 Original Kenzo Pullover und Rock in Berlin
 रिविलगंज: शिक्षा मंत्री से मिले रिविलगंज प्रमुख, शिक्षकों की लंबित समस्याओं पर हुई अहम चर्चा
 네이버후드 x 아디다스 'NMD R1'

* * *

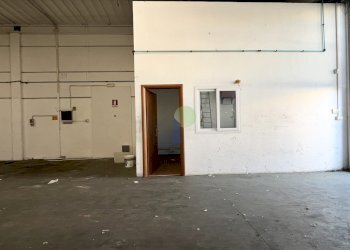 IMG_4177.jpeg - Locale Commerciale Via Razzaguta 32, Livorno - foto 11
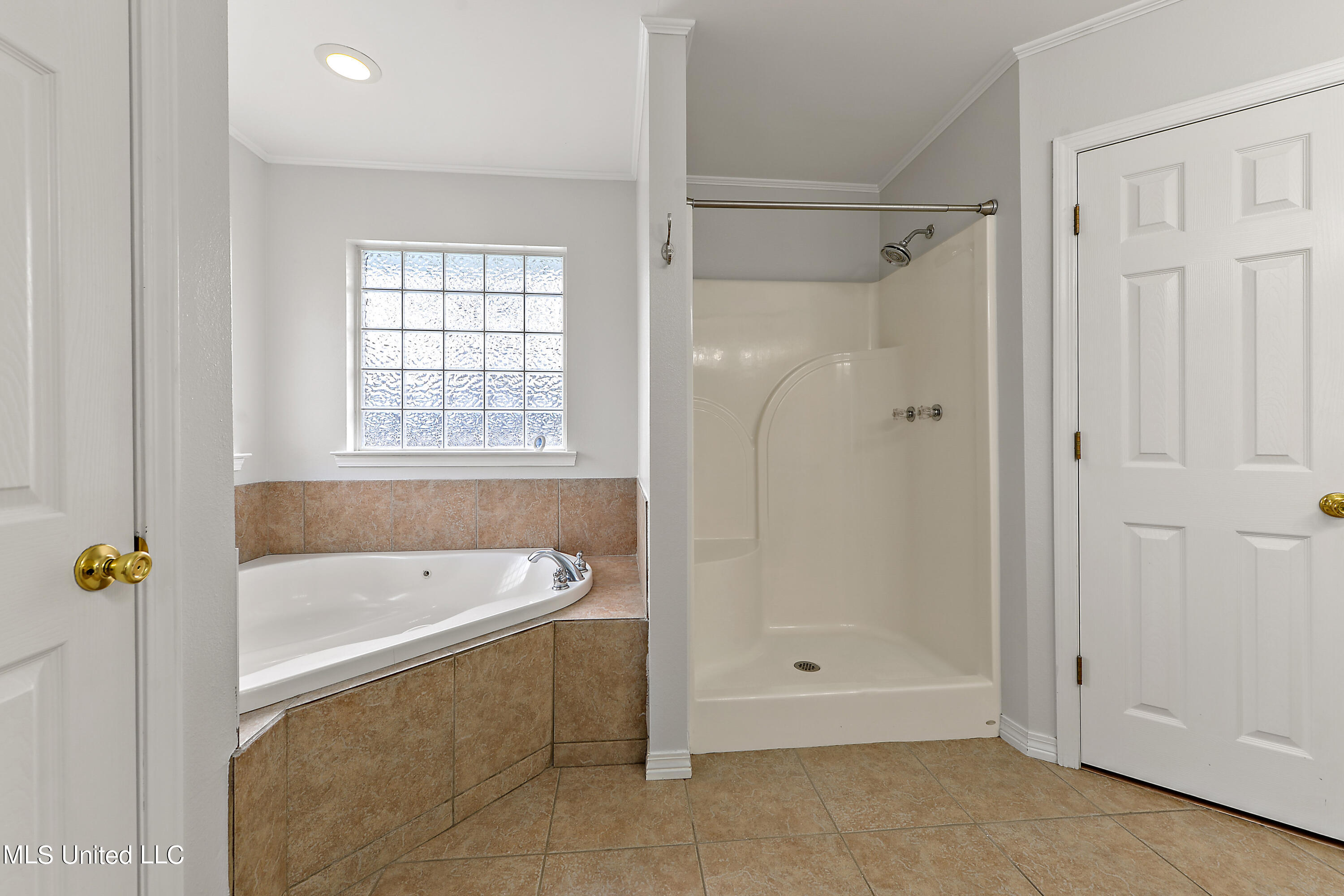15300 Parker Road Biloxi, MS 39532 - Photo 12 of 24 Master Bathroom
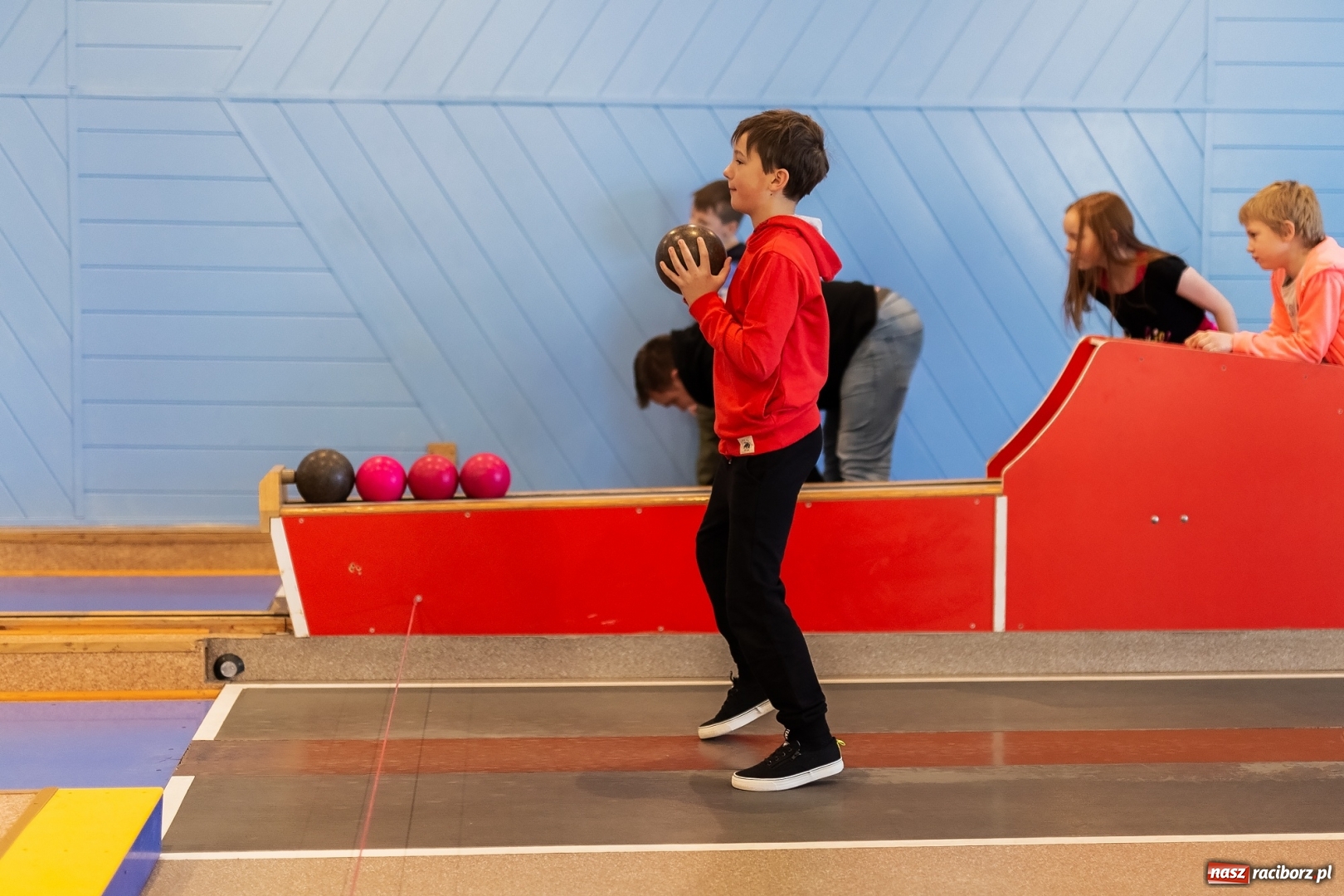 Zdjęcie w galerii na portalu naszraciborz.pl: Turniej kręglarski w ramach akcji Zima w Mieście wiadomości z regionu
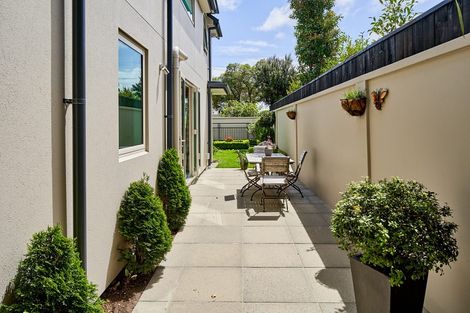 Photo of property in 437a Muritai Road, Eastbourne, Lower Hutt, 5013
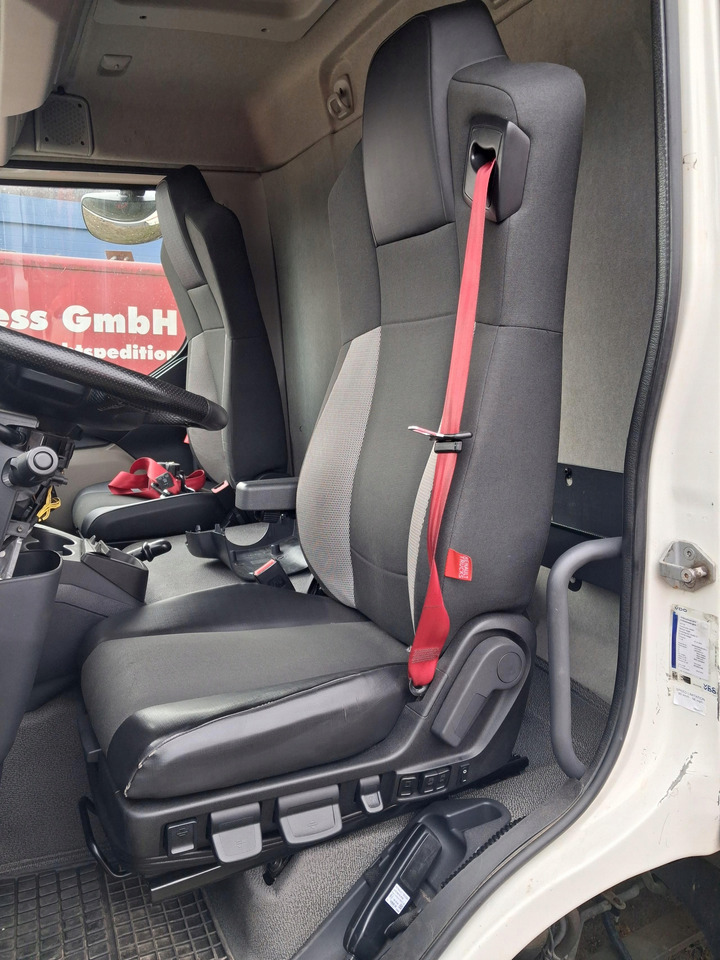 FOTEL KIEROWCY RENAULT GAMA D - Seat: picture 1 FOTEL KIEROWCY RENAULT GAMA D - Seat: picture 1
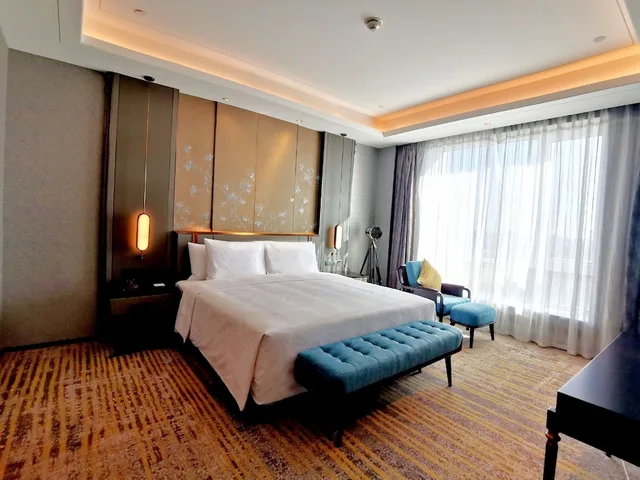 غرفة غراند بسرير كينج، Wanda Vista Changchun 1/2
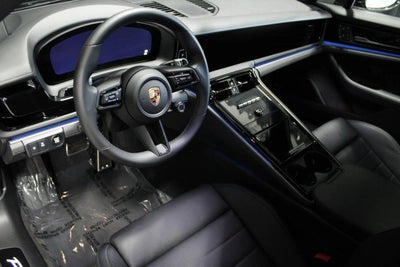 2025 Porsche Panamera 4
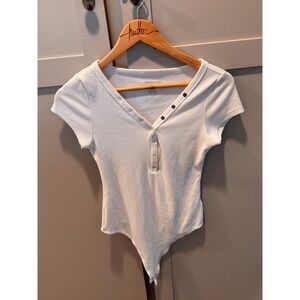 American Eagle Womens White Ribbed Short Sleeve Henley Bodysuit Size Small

__Required work__. When you reach the line with "Original Kenzo Pullover und Rock in Berlin" in the records above, start writing out lines exactly, and stop once the line with "네이버후드 x 아디다스 'NMD R1'" has been written; include nothing else.

__Reply to the task__.
 Original Kenzo Pullover und Rock in Berlin
 रिविलगंज: शिक्षा मंत्री से मिले रिविलगंज प्रमुख, शिक्षकों की लंबित समस्याओं पर हुई अहम चर्चा
 네이버후드 x 아디다스 'NMD R1'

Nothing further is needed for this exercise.